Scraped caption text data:
■ ■ ■ ■ ■ ■ ■

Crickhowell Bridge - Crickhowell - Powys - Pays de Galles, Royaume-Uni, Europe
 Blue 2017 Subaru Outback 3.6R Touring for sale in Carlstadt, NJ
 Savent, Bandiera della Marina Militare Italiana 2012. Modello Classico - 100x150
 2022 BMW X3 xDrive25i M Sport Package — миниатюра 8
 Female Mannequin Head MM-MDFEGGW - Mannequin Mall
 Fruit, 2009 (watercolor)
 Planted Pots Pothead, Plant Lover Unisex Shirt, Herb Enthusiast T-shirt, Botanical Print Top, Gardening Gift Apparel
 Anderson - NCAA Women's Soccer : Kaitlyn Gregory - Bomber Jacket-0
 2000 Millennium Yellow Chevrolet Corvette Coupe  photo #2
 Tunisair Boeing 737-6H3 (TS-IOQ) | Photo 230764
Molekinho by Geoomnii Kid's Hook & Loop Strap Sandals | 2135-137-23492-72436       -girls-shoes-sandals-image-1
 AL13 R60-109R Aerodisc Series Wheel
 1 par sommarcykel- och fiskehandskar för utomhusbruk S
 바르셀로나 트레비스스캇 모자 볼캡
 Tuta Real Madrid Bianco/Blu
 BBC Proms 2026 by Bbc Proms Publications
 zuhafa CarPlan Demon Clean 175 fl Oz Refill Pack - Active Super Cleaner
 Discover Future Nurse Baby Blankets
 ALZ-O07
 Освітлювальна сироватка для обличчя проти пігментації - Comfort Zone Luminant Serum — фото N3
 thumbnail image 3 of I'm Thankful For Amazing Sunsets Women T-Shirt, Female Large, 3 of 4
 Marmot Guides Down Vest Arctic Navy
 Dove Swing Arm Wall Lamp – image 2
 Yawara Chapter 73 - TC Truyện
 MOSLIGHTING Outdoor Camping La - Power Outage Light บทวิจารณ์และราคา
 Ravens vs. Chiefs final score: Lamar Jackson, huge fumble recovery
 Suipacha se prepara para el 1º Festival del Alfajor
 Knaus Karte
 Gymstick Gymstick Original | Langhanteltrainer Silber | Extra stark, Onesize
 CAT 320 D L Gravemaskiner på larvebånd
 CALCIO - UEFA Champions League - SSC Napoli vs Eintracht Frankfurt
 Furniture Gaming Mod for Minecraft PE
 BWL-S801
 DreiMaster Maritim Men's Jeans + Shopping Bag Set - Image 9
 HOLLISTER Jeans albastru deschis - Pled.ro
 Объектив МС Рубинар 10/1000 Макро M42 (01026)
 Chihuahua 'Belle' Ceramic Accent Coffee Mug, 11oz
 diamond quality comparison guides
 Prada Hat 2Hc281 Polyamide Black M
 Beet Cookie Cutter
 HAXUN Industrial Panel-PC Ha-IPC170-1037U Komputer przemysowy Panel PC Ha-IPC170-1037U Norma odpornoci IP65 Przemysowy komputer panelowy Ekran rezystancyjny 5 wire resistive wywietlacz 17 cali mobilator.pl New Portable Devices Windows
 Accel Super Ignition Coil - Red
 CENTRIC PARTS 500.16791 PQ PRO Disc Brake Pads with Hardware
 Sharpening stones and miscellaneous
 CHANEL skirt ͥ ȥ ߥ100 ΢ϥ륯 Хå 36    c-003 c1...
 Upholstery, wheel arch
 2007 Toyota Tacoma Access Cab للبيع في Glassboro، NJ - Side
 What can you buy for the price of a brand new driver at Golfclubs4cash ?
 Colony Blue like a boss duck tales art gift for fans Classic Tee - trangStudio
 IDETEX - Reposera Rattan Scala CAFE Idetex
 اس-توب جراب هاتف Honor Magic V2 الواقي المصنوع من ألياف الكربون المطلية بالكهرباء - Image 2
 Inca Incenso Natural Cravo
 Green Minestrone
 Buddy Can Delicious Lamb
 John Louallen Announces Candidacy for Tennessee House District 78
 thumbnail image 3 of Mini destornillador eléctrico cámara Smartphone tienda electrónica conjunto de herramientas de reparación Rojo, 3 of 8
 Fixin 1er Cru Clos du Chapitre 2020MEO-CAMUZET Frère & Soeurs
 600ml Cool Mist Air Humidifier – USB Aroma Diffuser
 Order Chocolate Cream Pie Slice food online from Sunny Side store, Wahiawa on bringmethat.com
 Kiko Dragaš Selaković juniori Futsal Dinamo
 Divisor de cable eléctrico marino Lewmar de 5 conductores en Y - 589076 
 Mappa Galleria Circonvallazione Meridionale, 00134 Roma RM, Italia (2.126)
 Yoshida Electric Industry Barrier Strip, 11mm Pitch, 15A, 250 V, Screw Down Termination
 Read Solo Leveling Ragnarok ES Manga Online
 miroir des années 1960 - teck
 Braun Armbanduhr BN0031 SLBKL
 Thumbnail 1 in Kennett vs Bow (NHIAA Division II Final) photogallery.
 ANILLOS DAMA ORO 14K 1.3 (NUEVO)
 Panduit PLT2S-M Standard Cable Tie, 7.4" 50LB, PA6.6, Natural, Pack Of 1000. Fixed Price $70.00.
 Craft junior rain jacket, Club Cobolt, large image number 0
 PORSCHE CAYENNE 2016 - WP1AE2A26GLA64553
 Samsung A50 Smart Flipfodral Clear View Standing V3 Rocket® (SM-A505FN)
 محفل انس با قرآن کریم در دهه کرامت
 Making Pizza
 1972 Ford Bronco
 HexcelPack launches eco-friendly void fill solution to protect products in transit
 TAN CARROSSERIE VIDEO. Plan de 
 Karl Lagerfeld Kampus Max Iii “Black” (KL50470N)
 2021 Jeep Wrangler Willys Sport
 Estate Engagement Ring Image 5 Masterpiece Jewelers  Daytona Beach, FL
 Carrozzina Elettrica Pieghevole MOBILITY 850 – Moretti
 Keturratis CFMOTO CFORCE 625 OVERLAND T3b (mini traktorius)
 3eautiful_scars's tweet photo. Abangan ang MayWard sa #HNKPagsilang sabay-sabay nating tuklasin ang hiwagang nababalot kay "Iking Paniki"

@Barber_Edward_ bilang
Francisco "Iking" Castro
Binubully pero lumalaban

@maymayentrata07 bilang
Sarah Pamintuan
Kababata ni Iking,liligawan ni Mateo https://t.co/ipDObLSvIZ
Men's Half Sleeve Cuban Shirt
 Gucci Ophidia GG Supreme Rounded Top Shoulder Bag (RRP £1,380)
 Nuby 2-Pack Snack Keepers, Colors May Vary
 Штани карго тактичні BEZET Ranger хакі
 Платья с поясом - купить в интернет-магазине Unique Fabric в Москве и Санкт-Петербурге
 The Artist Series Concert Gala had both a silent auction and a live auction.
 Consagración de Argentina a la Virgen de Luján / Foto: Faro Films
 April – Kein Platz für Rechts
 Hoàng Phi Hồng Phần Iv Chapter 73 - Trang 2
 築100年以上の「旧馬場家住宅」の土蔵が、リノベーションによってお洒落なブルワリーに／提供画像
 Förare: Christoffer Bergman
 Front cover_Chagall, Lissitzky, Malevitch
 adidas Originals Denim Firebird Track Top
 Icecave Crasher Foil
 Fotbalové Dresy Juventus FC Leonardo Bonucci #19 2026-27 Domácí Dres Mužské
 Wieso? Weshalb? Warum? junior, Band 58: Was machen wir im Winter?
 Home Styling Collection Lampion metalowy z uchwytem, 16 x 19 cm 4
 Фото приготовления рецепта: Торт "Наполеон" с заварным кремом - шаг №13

■ ■ ■ ■ ■ ■ ■

Reproduce the data verbatim, line for line.

Crickhowell Bridge - Crickhowell - Powys - Pays de Galles, Royaume-Uni, Europe
 Blue 2017 Subaru Outback 3.6R Touring for sale in Carlstadt, NJ
 Savent, Bandiera della Marina Militare Italiana 2012. Modello Classico - 100x150
 2022 BMW X3 xDrive25i M Sport Package — миниатюра 8
 Female Mannequin Head MM-MDFEGGW - Mannequin Mall
 Fruit, 2009 (watercolor)
 Planted Pots Pothead, Plant Lover Unisex Shirt, Herb Enthusiast T-shirt, Botanical Print Top, Gardening Gift Apparel
 Anderson - NCAA Women's Soccer : Kaitlyn Gregory - Bomber Jacket-0
 2000 Millennium Yellow Chevrolet Corvette Coupe  photo #2
 Tunisair Boeing 737-6H3 (TS-IOQ) | Photo 230764
Molekinho by Geoomnii Kid's Hook & Loop Strap Sandals | 2135-137-23492-72436       -girls-shoes-sandals-image-1
 AL13 R60-109R Aerodisc Series Wheel
 1 par sommarcykel- och fiskehandskar för utomhusbruk S
 바르셀로나 트레비스스캇 모자 볼캡
 Tuta Real Madrid Bianco/Blu
 BBC Proms 2026 by Bbc Proms Publications
 zuhafa CarPlan Demon Clean 175 fl Oz Refill Pack - Active Super Cleaner
 Discover Future Nurse Baby Blankets
 ALZ-O07
 Освітлювальна сироватка для обличчя проти пігментації - Comfort Zone Luminant Serum — фото N3
 thumbnail image 3 of I'm Thankful For Amazing Sunsets Women T-Shirt, Female Large, 3 of 4
 Marmot Guides Down Vest Arctic Navy
 Dove Swing Arm Wall Lamp – image 2
 Yawara Chapter 73 - TC Truyện
 MOSLIGHTING Outdoor Camping La - Power Outage Light บทวิจารณ์และราคา
 Ravens vs. Chiefs final score: Lamar Jackson, huge fumble recovery
 Suipacha se prepara para el 1º Festival del Alfajor
 Knaus Karte
 Gymstick Gymstick Original | Langhanteltrainer Silber | Extra stark, Onesize
 CAT 320 D L Gravemaskiner på larvebånd
 CALCIO - UEFA Champions League - SSC Napoli vs Eintracht Frankfurt
 Furniture Gaming Mod for Minecraft PE
 BWL-S801
 DreiMaster Maritim Men's Jeans + Shopping Bag Set - Image 9
 HOLLISTER Jeans albastru deschis - Pled.ro
 Объектив МС Рубинар 10/1000 Макро M42 (01026)
 Chihuahua 'Belle' Ceramic Accent Coffee Mug, 11oz
 diamond quality comparison guides
 Prada Hat 2Hc281 Polyamide Black M
 Beet Cookie Cutter
 HAXUN Industrial Panel-PC Ha-IPC170-1037U Komputer przemysowy Panel PC Ha-IPC170-1037U Norma odpornoci IP65 Przemysowy komputer panelowy Ekran rezystancyjny 5 wire resistive wywietlacz 17 cali mobilator.pl New Portable Devices Windows
 Accel Super Ignition Coil - Red
 CENTRIC PARTS 500.16791 PQ PRO Disc Brake Pads with Hardware
 Sharpening stones and miscellaneous
 CHANEL skirt ͥ ȥ ߥ100 ΢ϥ륯 Хå 36    c-003 c1...
 Upholstery, wheel arch
 2007 Toyota Tacoma Access Cab للبيع في Glassboro، NJ - Side
 What can you buy for the price of a brand new driver at Golfclubs4cash ?
 Colony Blue like a boss duck tales art gift for fans Classic Tee - trangStudio
 IDETEX - Reposera Rattan Scala CAFE Idetex
 اس-توب جراب هاتف Honor Magic V2 الواقي المصنوع من ألياف الكربون المطلية بالكهرباء - Image 2
 Inca Incenso Natural Cravo
 Green Minestrone
 Buddy Can Delicious Lamb
 John Louallen Announces Candidacy for Tennessee House District 78
 thumbnail image 3 of Mini destornillador eléctrico cámara Smartphone tienda electrónica conjunto de herramientas de reparación Rojo, 3 of 8
 Fixin 1er Cru Clos du Chapitre 2020MEO-CAMUZET Frère & Soeurs
 600ml Cool Mist Air Humidifier – USB Aroma Diffuser
 Order Chocolate Cream Pie Slice food online from Sunny Side store, Wahiawa on bringmethat.com
 Kiko Dragaš Selaković juniori Futsal Dinamo
 Divisor de cable eléctrico marino Lewmar de 5 conductores en Y - 589076 
 Mappa Galleria Circonvallazione Meridionale, 00134 Roma RM, Italia (2.126)
 Yoshida Electric Industry Barrier Strip, 11mm Pitch, 15A, 250 V, Screw Down Termination
 Read Solo Leveling Ragnarok ES Manga Online
 miroir des années 1960 - teck
 Braun Armbanduhr BN0031 SLBKL
 Thumbnail 1 in Kennett vs Bow (NHIAA Division II Final) photogallery.
 ANILLOS DAMA ORO 14K 1.3 (NUEVO)
 Panduit PLT2S-M Standard Cable Tie, 7.4" 50LB, PA6.6, Natural, Pack Of 1000. Fixed Price $70.00.
 Craft junior rain jacket, Club Cobolt, large image number 0
 PORSCHE CAYENNE 2016 - WP1AE2A26GLA64553
 Samsung A50 Smart Flipfodral Clear View Standing V3 Rocket® (SM-A505FN)
 محفل انس با قرآن کریم در دهه کرامت
 Making Pizza
 1972 Ford Bronco
 HexcelPack launches eco-friendly void fill solution to protect products in transit
 TAN CARROSSERIE VIDEO. Plan de 
 Karl Lagerfeld Kampus Max Iii “Black” (KL50470N)
 2021 Jeep Wrangler Willys Sport
 Estate Engagement Ring Image 5 Masterpiece Jewelers  Daytona Beach, FL
 Carrozzina Elettrica Pieghevole MOBILITY 850 – Moretti
 Keturratis CFMOTO CFORCE 625 OVERLAND T3b (mini traktorius)
 3eautiful_scars's tweet photo. Abangan ang MayWard sa #HNKPagsilang sabay-sabay nating tuklasin ang hiwagang nababalot kay "Iking Paniki"

@Barber_Edward_ bilang
Francisco "Iking" Castro
Binubully pero lumalaban

@maymayentrata07 bilang
Sarah Pamintuan
Kababata ni Iking,liligawan ni Mateo https://t.co/ipDObLSvIZ
Men's Half Sleeve Cuban Shirt
 Gucci Ophidia GG Supreme Rounded Top Shoulder Bag (RRP £1,380)
 Nuby 2-Pack Snack Keepers, Colors May Vary
 Штани карго тактичні BEZET Ranger хакі
 Платья с поясом - купить в интернет-магазине Unique Fabric в Москве и Санкт-Петербурге
 The Artist Series Concert Gala had both a silent auction and a live auction.
 Consagración de Argentina a la Virgen de Luján / Foto: Faro Films
 April – Kein Platz für Rechts
 Hoàng Phi Hồng Phần Iv Chapter 73 - Trang 2
 築100年以上の「旧馬場家住宅」の土蔵が、リノベーションによってお洒落なブルワリーに／提供画像
 Förare: Christoffer Bergman
 Front cover_Chagall, Lissitzky, Malevitch
 adidas Originals Denim Firebird Track Top
 Icecave Crasher Foil
 Fotbalové Dresy Juventus FC Leonardo Bonucci #19 2026-27 Domácí Dres Mužské
 Wieso? Weshalb? Warum? junior, Band 58: Was machen wir im Winter?
 Home Styling Collection Lampion metalowy z uchwytem, 16 x 19 cm 4
 Фото приготовления рецепта: Торт "Наполеон" с заварным кремом - шаг №13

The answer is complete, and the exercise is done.